I've been scanning across the web, and haven't found a good method to compute the Gauss Legendre abscissas and weights $\{ x_j, w^j \} _{j=1}^N$ for large $N\in\mathbb{N}$. My question is how to do it, and why should it work?

*To those who need some background:*

The goal is to approximate an integral by a discrete interpolating sum:

$$\int\limits_{(-1,1)} f(x) dx = \sum\limits_{j=-N}^N f(x_j)w^j $$

The question is, how to choose $\{ x_j, w^j \} _j$ appropriately.The Gauss Legendre quadrature tells you (for good reasons) to choose $x_j $ to be the roots of the $n$-th Legendre polynomial.
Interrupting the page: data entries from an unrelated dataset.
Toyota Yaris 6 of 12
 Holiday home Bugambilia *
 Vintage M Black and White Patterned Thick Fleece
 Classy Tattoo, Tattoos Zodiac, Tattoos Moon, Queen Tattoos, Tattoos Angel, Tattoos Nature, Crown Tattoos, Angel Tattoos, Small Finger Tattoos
**Problem** : A straightforward computation of the Legendre polynomial for high $N$ is highly unstable, as it involves "big" coefficients of alternating signs.

**EDIT**:
I've found a very simple code that computes weight and abscissas using eigenvalues of a symmetric matrix, but doesn't seem use Golub Welsch. The matrix is

$$\forall 1\leq j\leq N-1 \, A_{j,j+1} = A_{j+1,j} = \frac{j}{\sqrt{4j^2 -1}}$$ with all other entries are zero. The discussion about it was split to another post.